Joyce Carol Oates has always been drawn to the underside of the American imagination. Serial killers, rapists and youth gangs stalk the pages of her novels, and scenes of domestic violence, economic deprivation, loneliness and rage are commonplace. The emotional climate is intense; the language often unflinching; the vision corrosive, even apocalyptic.
Now the writer once called “the Dark Lady of American Letters” has stepped into sunlight. The Perfectionist, which premiered at the McCarter Theatre in Princeton, N.J. last October, was Joyce Carol Oates’s first “romantic comedy,” and it came complete with a cast of good-hearted characters, a cheerful suburban setting and all the happy contrivances that go with the genre. The whole enterprise was rather unlikely and disconcerting, as if Jane Austen or Madame de Stael had suddenly turned herself into Jean Kerr–and no less surprising is how Oates mastered the rudiments of Broadway light comedy without ever having seen one. There are, to be sure, a few discordant rumblings along the way as well as some of the disruptive impulses that underline the rest of the novelist’s work–intimations of illness, death and drug dependency, an accusation of rape and at one point the threat of castration–but the genial comic spirit she has called into spirit manages to hold the dark clouds at bay.

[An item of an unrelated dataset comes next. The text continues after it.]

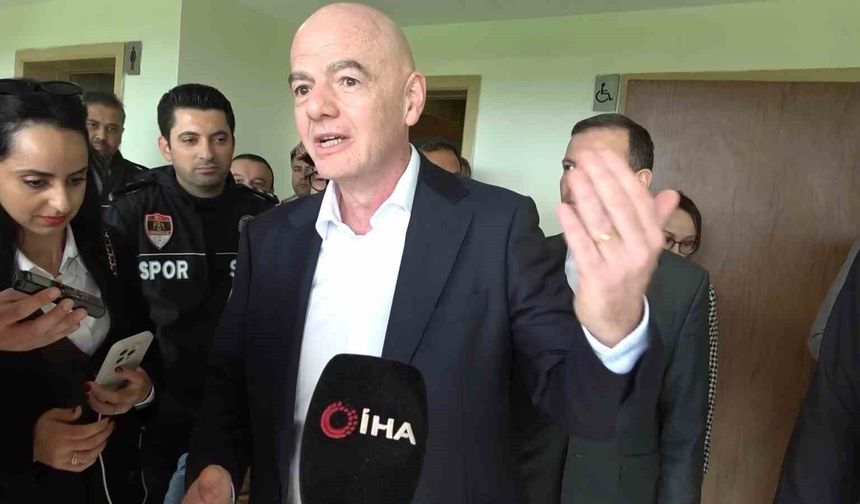 Gianni Infantino, İran Milli Takımı ile görüştü: 'Maç oynanacak'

So just what were the circumstances that brought this most uncharacteristic work–a kind of screwball comedy for the intelligentsia, the suburban and tenured–into being? Oates provides a multi-tiered explanation, beginning with proximity to the McCarter (she is currently the Roger S. Berlind Distinguished Professor in the Humanities at Princeton University) and her close friendship with Emily Mann, the theatre’s artistic director. “It was always understood that I would try to write something that might be suitable for the McCarter. Emily has always been very receptive to my work and I think because of her presence here I was encouraged to write a kind of play I would not have otherwise attempted. I also love to learn new things, and for me The Perfectionist is an experiment in genre.”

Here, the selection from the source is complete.